Word for word, restate the lines of the listing below from the line with "Lanud Timika kirim" through the line with "Shelley Rice with", and do not include the pictures.

[Extracted records]
[Start of Attachment]
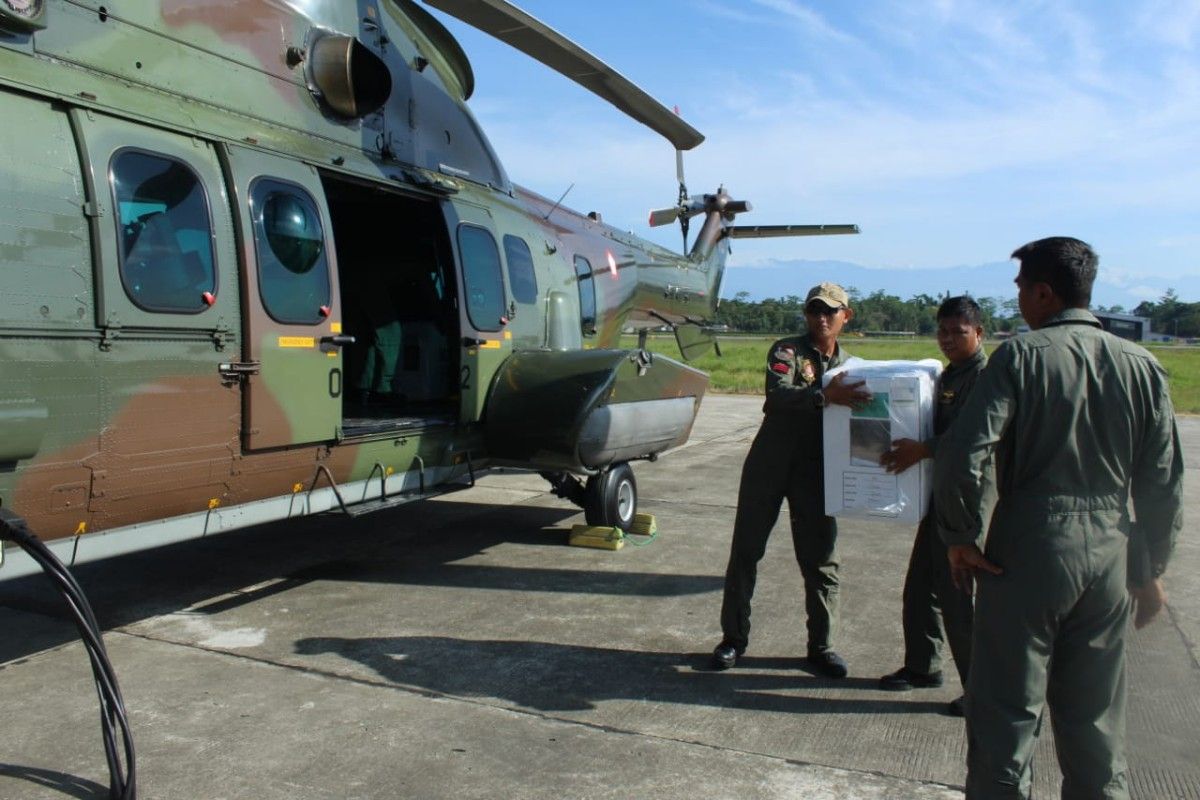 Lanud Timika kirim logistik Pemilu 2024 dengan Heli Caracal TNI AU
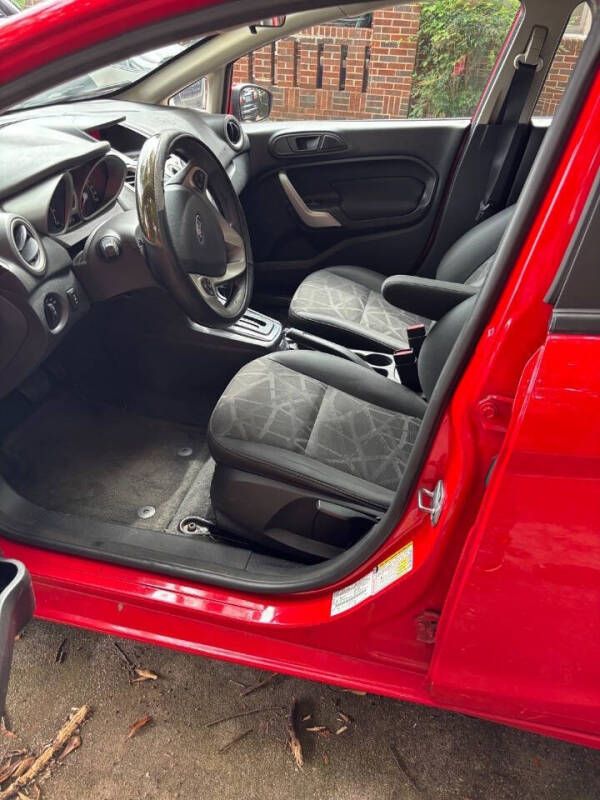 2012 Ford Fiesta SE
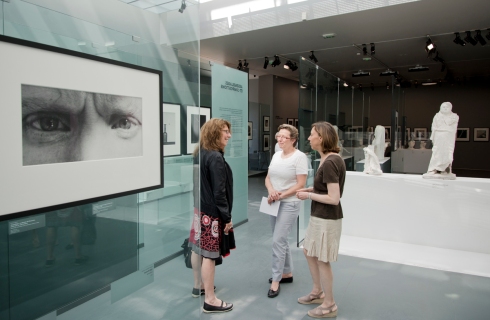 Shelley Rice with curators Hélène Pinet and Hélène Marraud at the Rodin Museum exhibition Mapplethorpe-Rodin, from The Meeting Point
[End of Attachment]
[Start of Attachment]
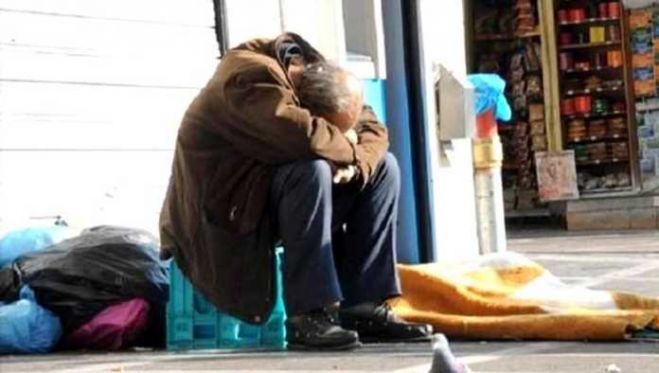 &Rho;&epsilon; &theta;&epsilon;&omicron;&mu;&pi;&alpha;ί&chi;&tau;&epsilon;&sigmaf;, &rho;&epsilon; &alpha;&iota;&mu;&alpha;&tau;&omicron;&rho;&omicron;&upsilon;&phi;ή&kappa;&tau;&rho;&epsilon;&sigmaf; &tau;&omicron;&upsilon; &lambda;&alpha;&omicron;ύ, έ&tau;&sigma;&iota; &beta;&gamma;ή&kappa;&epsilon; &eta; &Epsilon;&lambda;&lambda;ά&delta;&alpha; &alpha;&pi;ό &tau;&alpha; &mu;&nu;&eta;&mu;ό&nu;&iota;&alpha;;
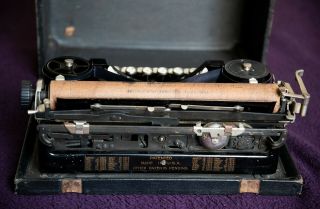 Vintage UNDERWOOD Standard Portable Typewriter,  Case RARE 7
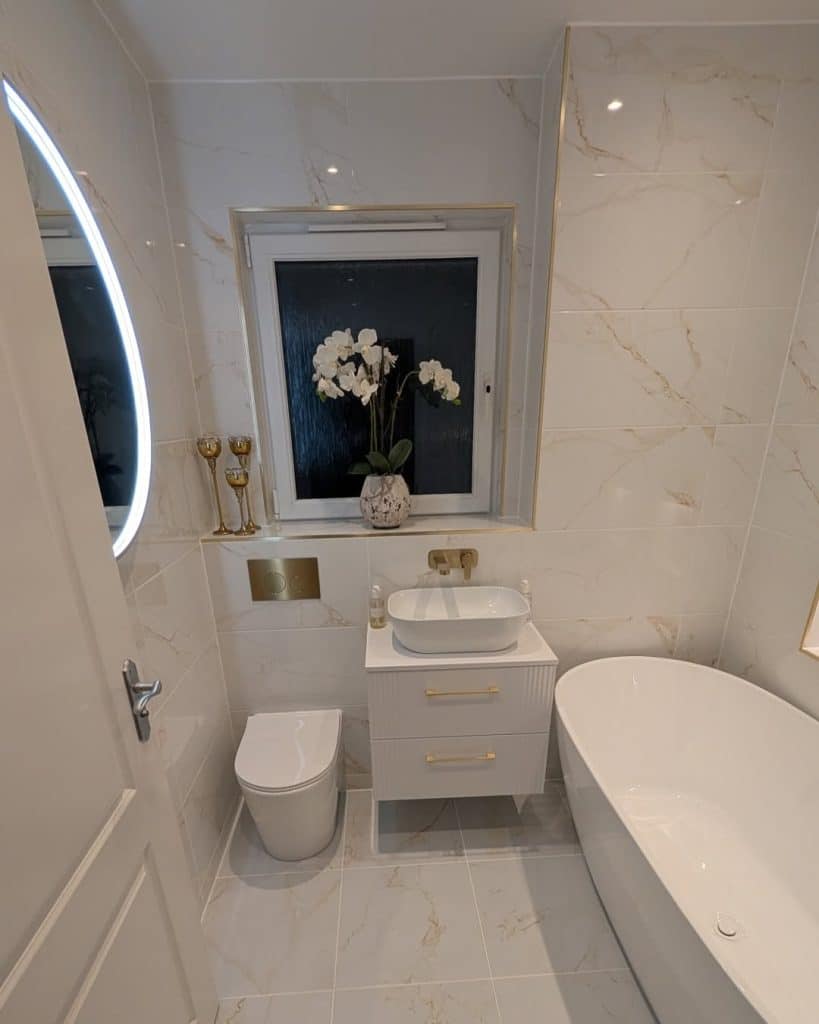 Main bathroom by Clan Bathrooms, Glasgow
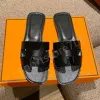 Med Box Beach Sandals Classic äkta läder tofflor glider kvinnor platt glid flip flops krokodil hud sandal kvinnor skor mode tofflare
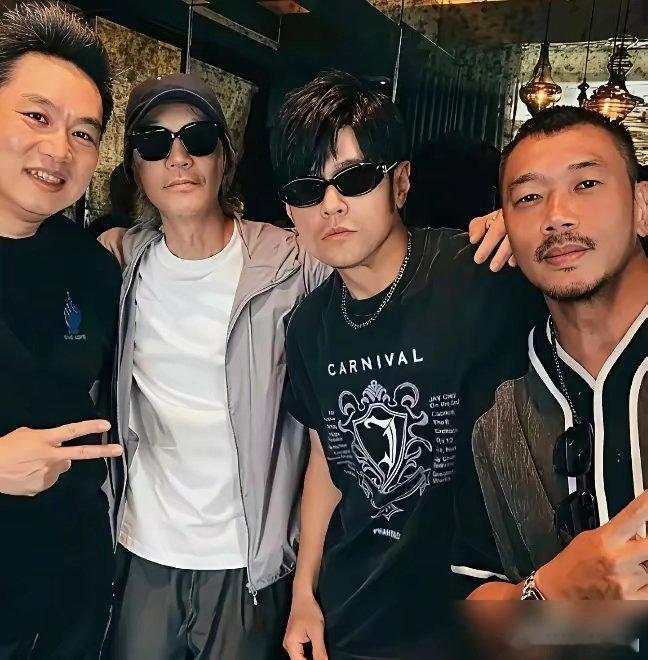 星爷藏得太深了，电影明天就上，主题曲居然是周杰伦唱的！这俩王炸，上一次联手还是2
[End of Attachment]
[Solution to the problem]
 Lanud Timika kirim logistik Pemilu 2024 dengan Heli Caracal TNI AU
 2012 Ford Fiesta SE
 Shelley Rice with curators Hélène Pinet and Hélène Marraud at the Rodin Museum exhibition Mapplethorpe-Rodin, from The Meeting Point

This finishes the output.